**REQUIRED ACTION**:
Repeat the listing below exactly from the line with "Televisio, takka, DVD-soitin, stereot" through its last line. Skip every picture.

======== SOURCE DATA

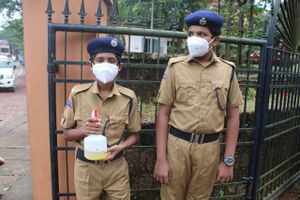 BS21 KNR 13056 3.jpg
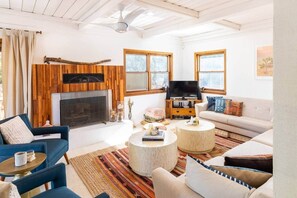 Televisio, takka, DVD-soitin, stereot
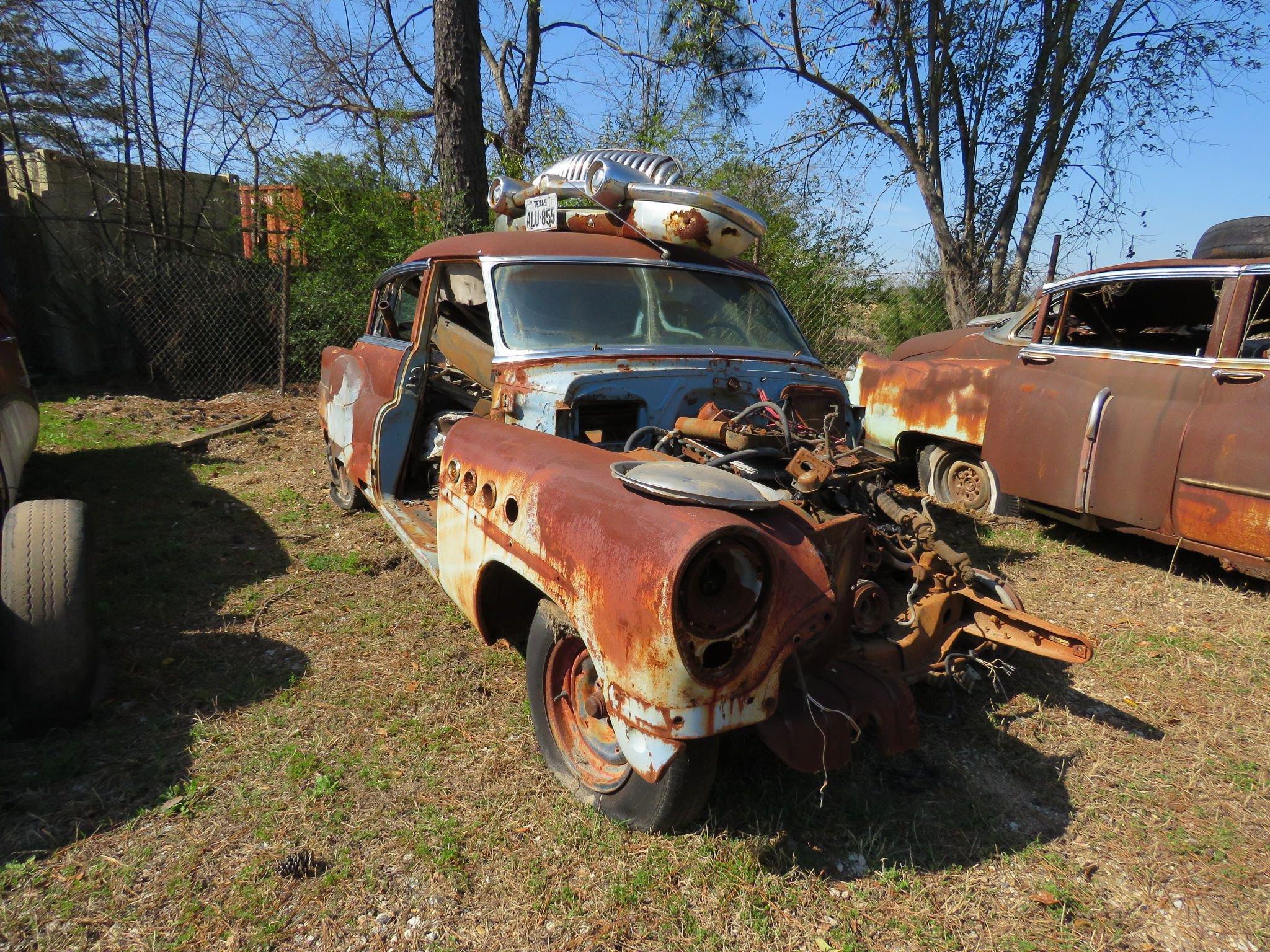 1953 Buick Roadmaster 4dr Sedan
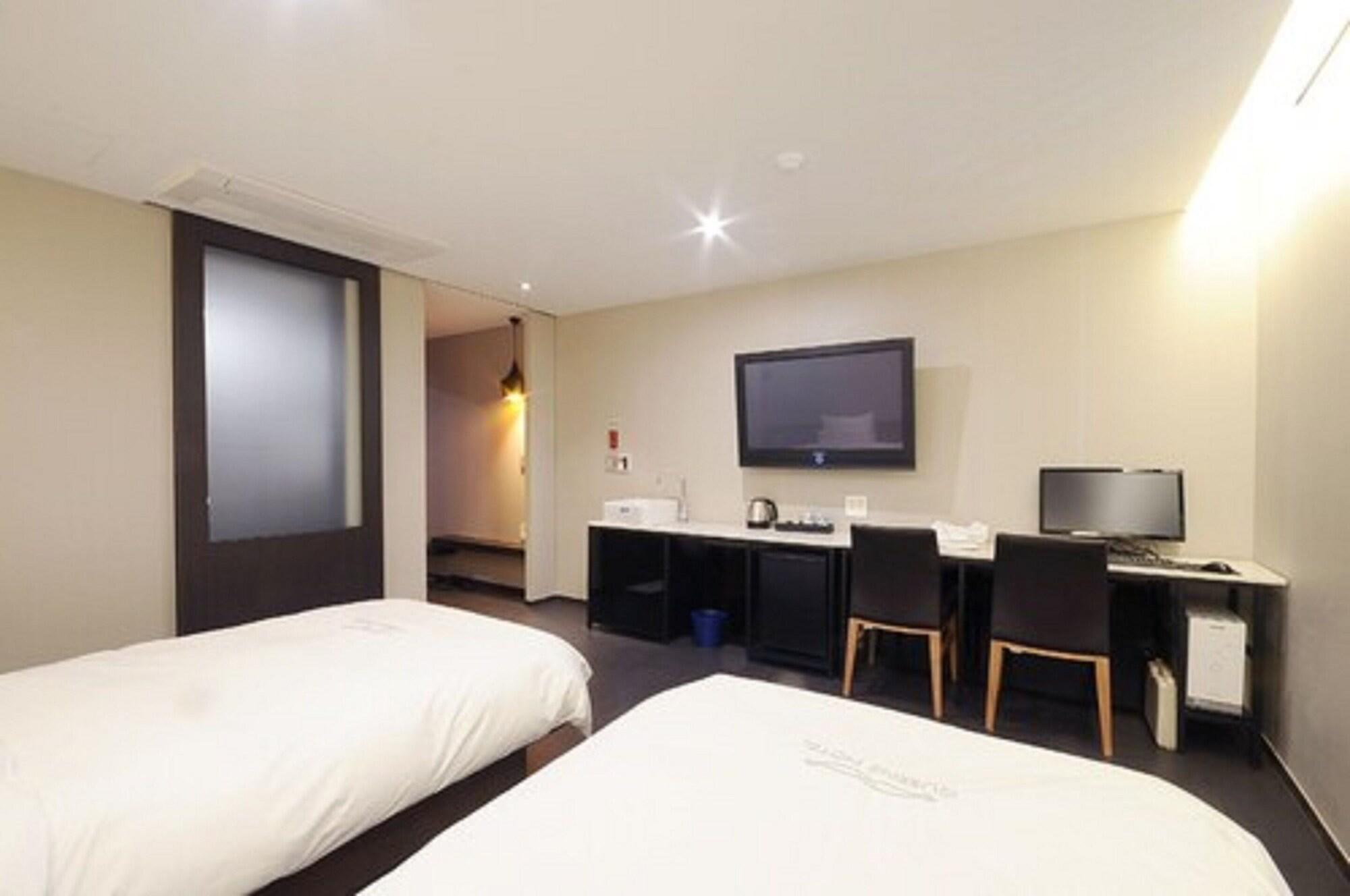 Queens Hotel Seomyeon בוסאן מראה חיצוני תמונה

================

**COMPLETED EXERCISE**:
 Televisio, takka, DVD-soitin, stereot
 1953 Buick Roadmaster 4dr Sedan
 Queens Hotel Seomyeon בוסאן מראה חיצוני תמונה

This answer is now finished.